Hey, you know why you think it’s a great idea? Because it’s what you always f**king do. A great idea would be something we haven’t seen (or something we haven’t seen in a while), something fresh, something that would make us go “wow, they’re doing that on Raw? I should watch this!” Not “midcard guys have a match to get a match”. Teddy should’ve proposed a system of statistics to justify title shots and show placement on the basis that WWE is sports entertainment and therefore should have as much emphasis on “sports” as “entertainment”. Or he should’ve just put Christian and Dolph Ziggler in a tag team match against sports and entertainment. Who cares?
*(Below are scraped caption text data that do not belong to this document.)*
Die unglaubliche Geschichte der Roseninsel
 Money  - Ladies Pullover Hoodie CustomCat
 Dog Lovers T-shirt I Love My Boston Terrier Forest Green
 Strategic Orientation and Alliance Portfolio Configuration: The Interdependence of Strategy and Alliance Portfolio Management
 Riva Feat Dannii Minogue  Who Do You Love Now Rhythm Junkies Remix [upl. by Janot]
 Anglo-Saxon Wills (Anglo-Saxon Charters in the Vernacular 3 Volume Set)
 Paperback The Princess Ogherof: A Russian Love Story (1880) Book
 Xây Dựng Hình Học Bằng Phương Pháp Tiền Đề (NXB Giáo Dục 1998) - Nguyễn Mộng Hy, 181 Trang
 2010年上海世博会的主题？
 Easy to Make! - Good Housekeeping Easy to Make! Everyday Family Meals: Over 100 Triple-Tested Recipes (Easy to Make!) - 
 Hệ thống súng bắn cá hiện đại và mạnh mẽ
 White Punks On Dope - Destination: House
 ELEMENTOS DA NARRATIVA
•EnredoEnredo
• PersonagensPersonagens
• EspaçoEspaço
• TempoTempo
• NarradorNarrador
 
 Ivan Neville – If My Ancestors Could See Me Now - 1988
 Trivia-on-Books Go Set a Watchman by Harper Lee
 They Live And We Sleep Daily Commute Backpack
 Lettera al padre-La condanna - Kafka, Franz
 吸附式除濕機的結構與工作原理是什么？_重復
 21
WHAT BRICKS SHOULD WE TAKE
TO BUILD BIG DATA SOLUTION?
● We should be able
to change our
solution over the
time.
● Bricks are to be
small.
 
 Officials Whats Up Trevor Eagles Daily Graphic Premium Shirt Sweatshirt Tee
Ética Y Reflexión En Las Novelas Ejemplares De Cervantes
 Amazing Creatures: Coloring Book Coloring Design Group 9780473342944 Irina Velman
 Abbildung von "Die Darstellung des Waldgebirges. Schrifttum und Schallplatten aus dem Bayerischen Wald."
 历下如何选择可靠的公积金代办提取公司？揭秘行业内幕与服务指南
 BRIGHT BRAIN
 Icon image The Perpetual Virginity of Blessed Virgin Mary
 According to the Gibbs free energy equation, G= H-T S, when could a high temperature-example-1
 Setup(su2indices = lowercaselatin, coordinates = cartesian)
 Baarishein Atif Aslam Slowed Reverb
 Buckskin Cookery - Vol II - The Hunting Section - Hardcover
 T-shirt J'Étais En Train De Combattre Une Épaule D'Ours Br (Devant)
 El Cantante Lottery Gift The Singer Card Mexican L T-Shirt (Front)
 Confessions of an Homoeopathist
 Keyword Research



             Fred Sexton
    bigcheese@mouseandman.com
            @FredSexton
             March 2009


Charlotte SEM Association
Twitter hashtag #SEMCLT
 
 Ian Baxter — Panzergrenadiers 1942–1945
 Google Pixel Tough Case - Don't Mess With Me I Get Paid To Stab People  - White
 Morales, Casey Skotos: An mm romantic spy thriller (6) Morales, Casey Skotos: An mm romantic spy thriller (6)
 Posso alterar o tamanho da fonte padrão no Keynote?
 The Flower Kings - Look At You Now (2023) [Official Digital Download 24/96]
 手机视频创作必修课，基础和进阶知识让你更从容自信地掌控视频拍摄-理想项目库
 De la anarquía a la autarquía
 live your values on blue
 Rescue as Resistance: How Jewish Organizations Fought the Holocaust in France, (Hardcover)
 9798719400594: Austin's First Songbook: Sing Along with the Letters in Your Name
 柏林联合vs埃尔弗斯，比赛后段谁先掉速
Made all the better by the “I just checked on R-Truth … HE AIN’T DOIN’ SO WELL” later in the show. Sorry you got punched once, Truth, but that is a straight-up “Wicked Witch dies if she touches a small amount of water” situation for a pro wrestler.

Page 3

Worst: Layla Is Awesome And Nobody Notices

I went through this a lot with LayCool, but at least LayCool were grating and obnoxious and you were supposed to hate her. Now she’s infusing the Diva’s division with nearly everything it’s been missing — charisma, in-ring storytelling, athleticism, and avoidance of Kelly Kelly Hawaiian Tropic obviousness — and nobody cares. Nobody.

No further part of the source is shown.